Le rapport 2004 note que ce sont les « obstacles rencontrés pour se loger dans le secteur privé (qui) conduisent les ménages pauvres à s’orienter vers le logement social, et à l’intérieur de ce parc, la nature de l’offre, la moindre mobilité des ménages bénéficiant de logements sociaux bien situés hors ZUS et les mécanismes d’attribution des logements orientent les ménages pauvres dans les ZUS ». Si l’on ajoute à ces traits de la population des ZUS, un taux de chômage qui est le double du taux de chômage national (20% contre 10%), des difficultés scolaires qui se traduisent par un taux de retard important et une moindre proportion de diplômés, on identifie les traits dominants d’une population qui n’a souvent pas d’autre solution et qui une fois qu’elle accède à un logement en ZUS, possède de faibles perspectives de mobilité.

Sur ce point, le rapport 2005 de l’Observatoire des ZUS apporte un éclairage important puisqu’il montre le caractère sélectif de la mobilité résidentielle.

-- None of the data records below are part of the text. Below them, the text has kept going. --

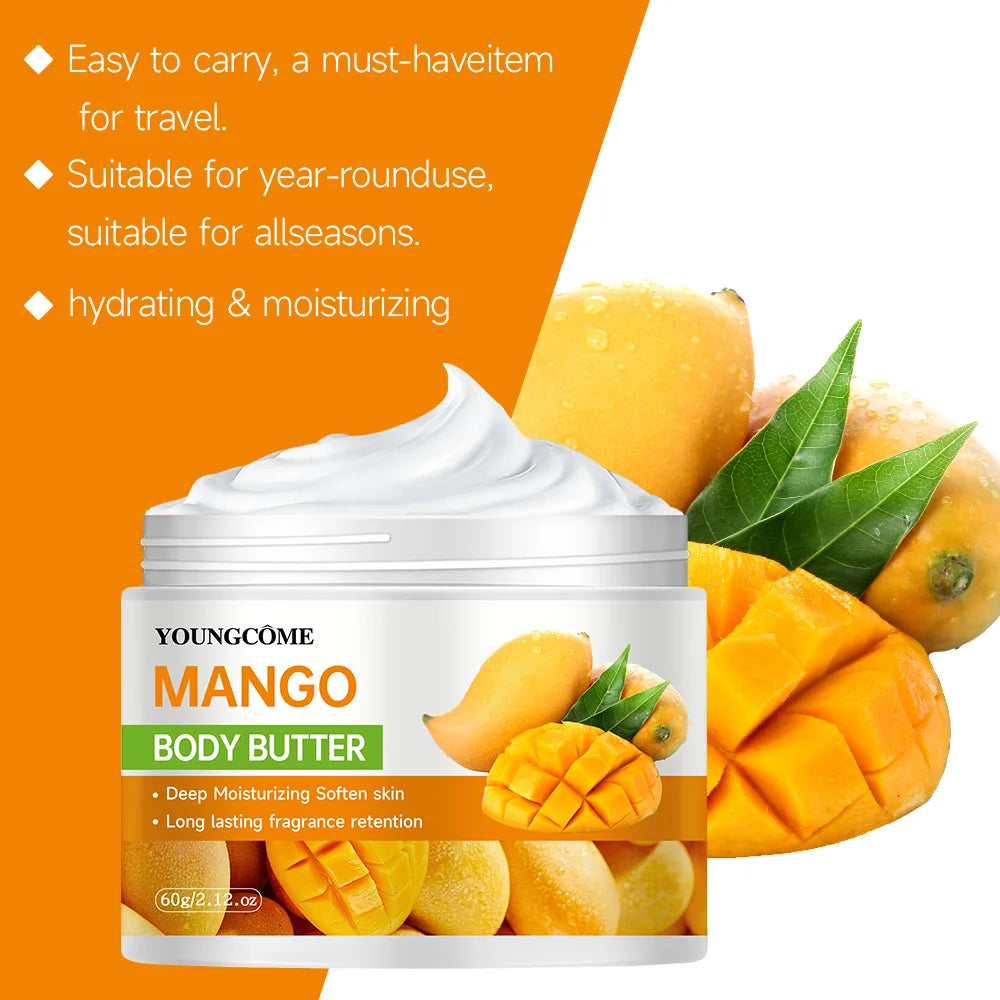 YOUNGCOME Mango Hydration Cream – Nourishing Shea Butter Moisturizer Face & Body Cream Qst
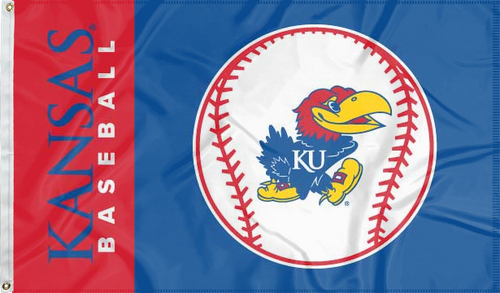 Blue and red 3x5 University of Kansas Baseball Flag with two metal grommets for indoor home décor
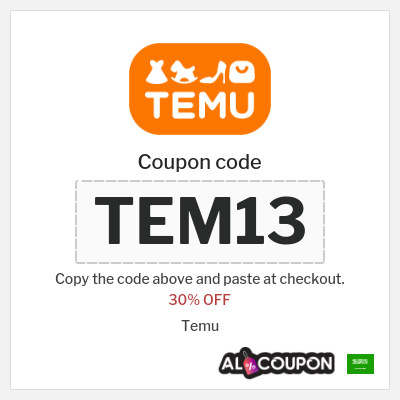 Coupon for Temu (TEM13) 30% OFF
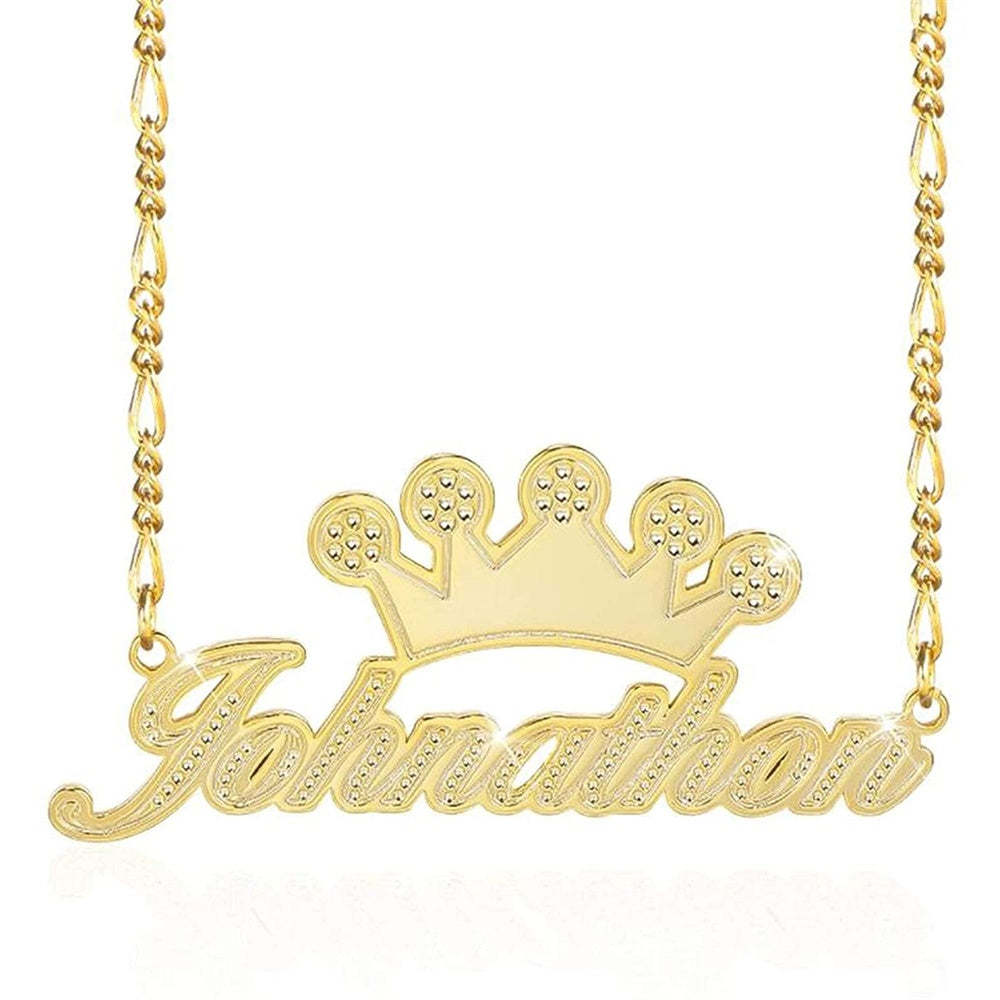 Personalized Name Necklace With Crown Metal Necklace Gifts for Men - NameNecklace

Il souligne ainsi que « les populations les plus fragiles ont tendance à rester dans ces quartiers alors que les trajectoires sociales ascendantes s’accompagnent souvent d’un départ des ZUS ». La concentration de la pauvreté pose alors, comme le reconnaît le rapport, « la question de l’inégal accès territorial des ménages au logement selon leurs revenus » mais aussi celle du rôle d’accueil et d’intégration que jouent ces quartiers pour les populations modestes et pauvres.

Christophe Robert, responsable des études de la fondation Abbé Pierre.

Définitions

Un logement est considéré comme confortable s’il dispose d’une salle d’eau, d’un WC intérieur et d’un système de chauffage.

Le surpeuplement accentué fait référence à la norme Insee basée sur la comparaison du nombre effectif de pièces composant le logement et d’un nombre normatif de pièces dites « nécessaires » au ménage calculé en fonction de sa taille, de l’âge et de la situation familiale de ses membres (schématiquement, on compte une pièce de séjour pour le ménage, une pièce pour chaque personne de référence d’une famille, une pièce pour les personnes hors famille non célibataires et les célibataires de 19 ans et plus, et, pour les célibataires de moins de 19 ans, une pièce pour deux enfants s’ils sont de même sexe ou s’ils ont moins de 7 ans, sinon une pièce par enfant). Le logement est considéré en « surpeuplement accentué » si le nombre de pièces nécessaires au ménage ainsi déterminé est supérieur de plus d’une unité à celui constaté.

Le surpeuplement au sens large retient la norme fondée sur le nombre de pièces pour les deux pièces et plus et fait intervenir la surface pour les logements d’une pièce : est considéré comme surpeuplé au sens large un logement dont la surface habitable est inférieure à 18 m2 par personne de référence plus 12 m2 par autre personne de 14 ans ou + 9 m2 par enfant de moins de 14 ans.